- **Activity**:
Among the lines below, the one containing "Mindfulness & Meditation" opens the range and the one containing "Motorcycle Tube Scarf" closes it. Print that range exactly, without the pictures.

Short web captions
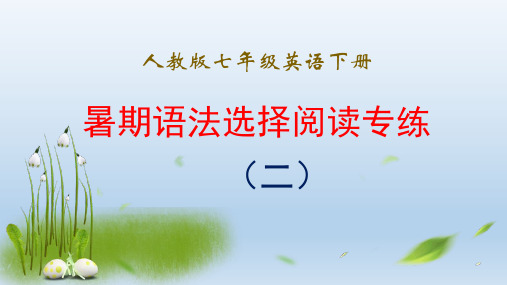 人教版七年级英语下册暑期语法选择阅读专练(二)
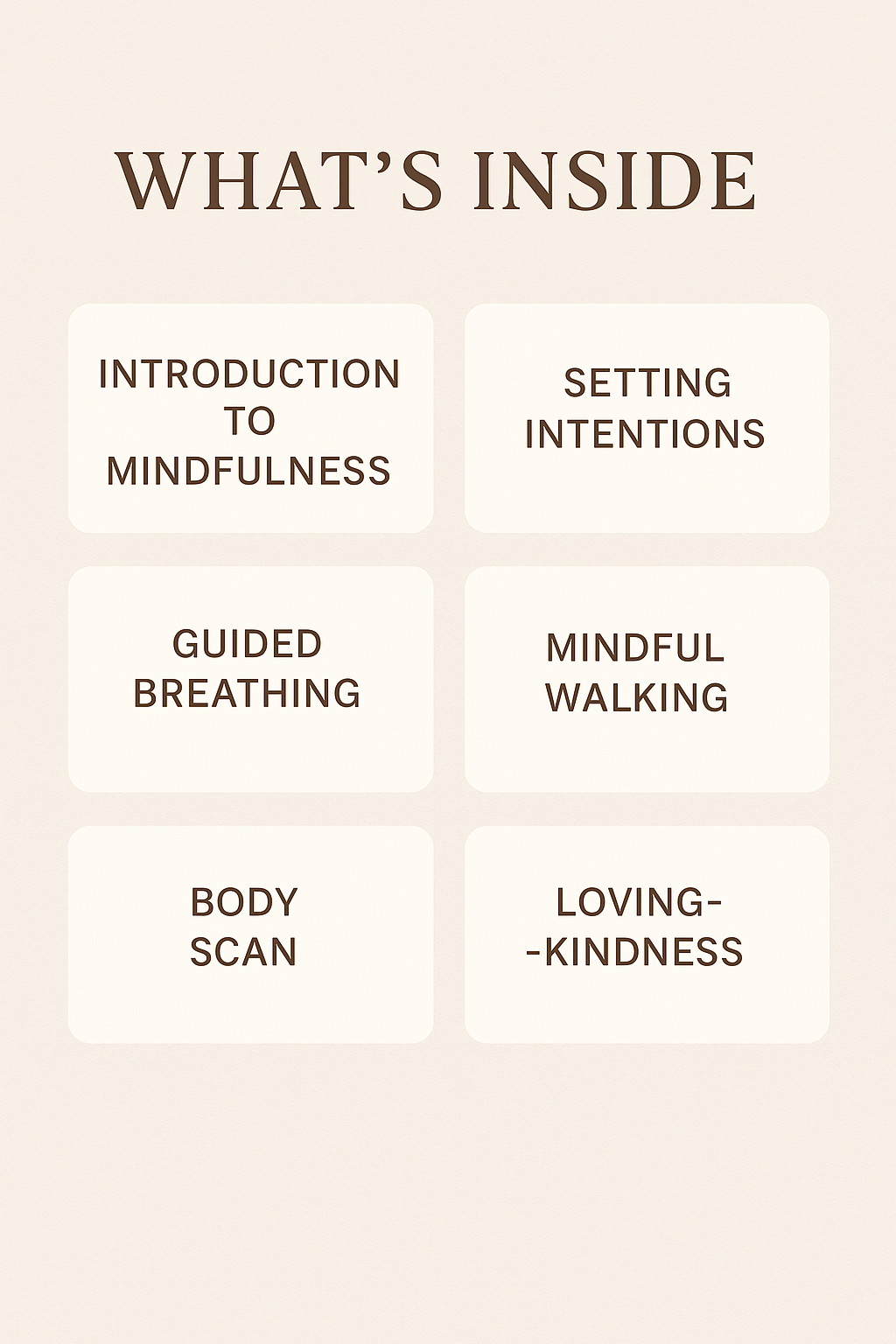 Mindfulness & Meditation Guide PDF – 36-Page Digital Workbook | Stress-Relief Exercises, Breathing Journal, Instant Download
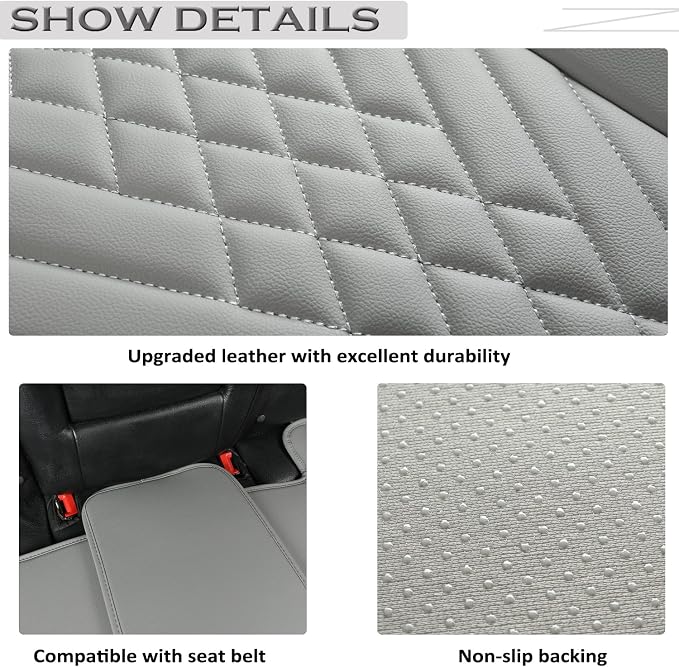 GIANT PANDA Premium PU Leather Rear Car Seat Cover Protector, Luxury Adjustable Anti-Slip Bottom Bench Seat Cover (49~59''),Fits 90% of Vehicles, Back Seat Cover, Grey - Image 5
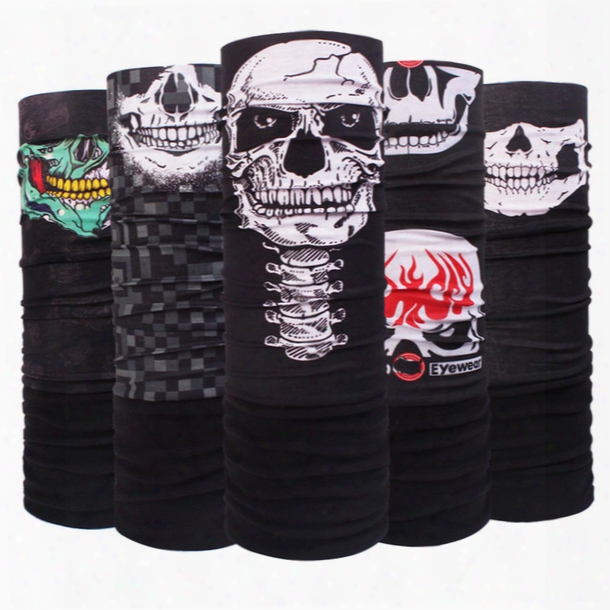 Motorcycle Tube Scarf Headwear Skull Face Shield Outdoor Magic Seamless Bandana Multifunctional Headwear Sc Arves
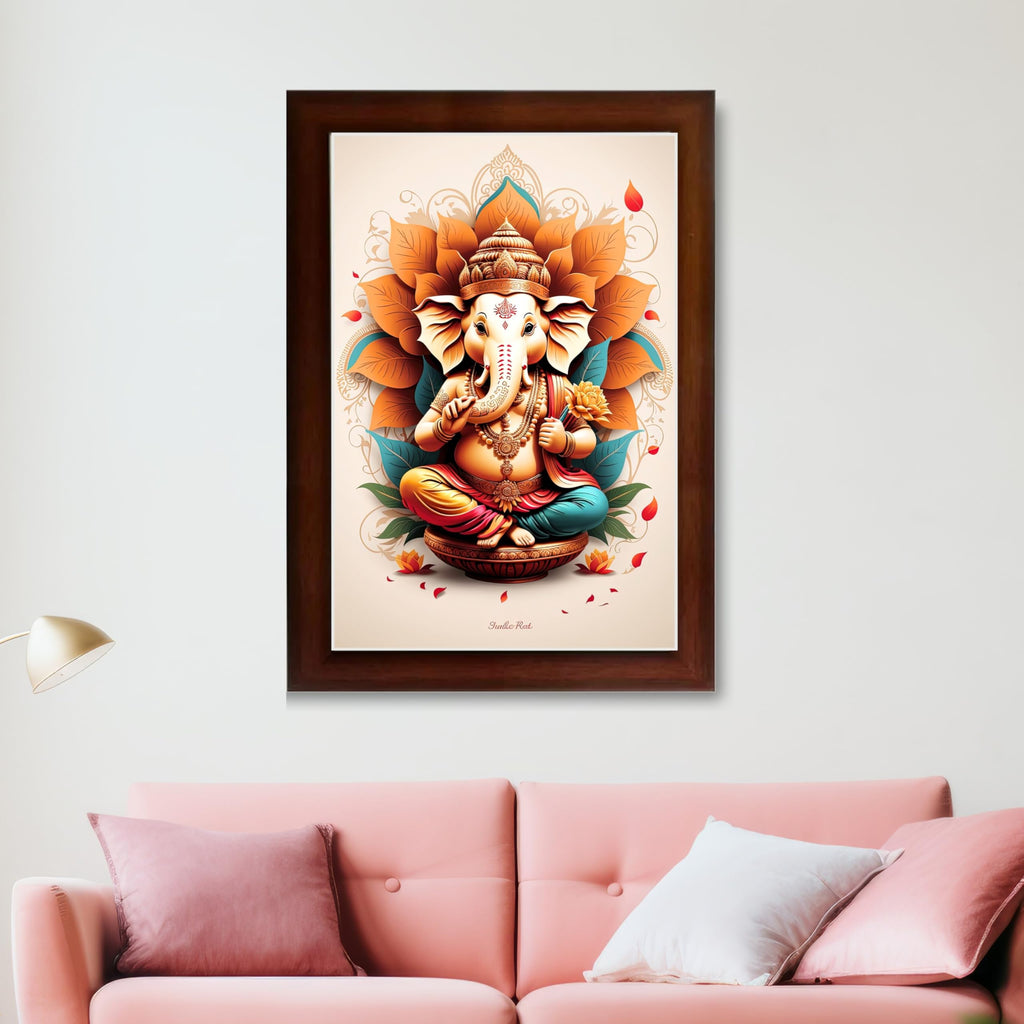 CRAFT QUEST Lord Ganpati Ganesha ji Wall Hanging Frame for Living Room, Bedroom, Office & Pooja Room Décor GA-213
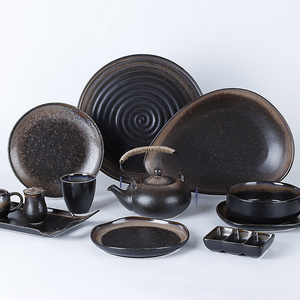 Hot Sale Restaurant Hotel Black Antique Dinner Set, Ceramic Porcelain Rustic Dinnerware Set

- **Exercise output**:
 Mindfulness & Meditation Guide PDF – 36-Page Digital Workbook | Stress-Relief Exercises, Breathing Journal, Instant Download
 GIANT PANDA Premium PU Leather Rear Car Seat Cover Protector, Luxury Adjustable Anti-Slip Bottom Bench Seat Cover (49~59''),Fits 90% of Vehicles, Back Seat Cover, Grey - Image 5
 Motorcycle Tube Scarf Headwear Skull Face Shield Outdoor Magic Seamless Bandana Multifunctional Headwear Sc Arves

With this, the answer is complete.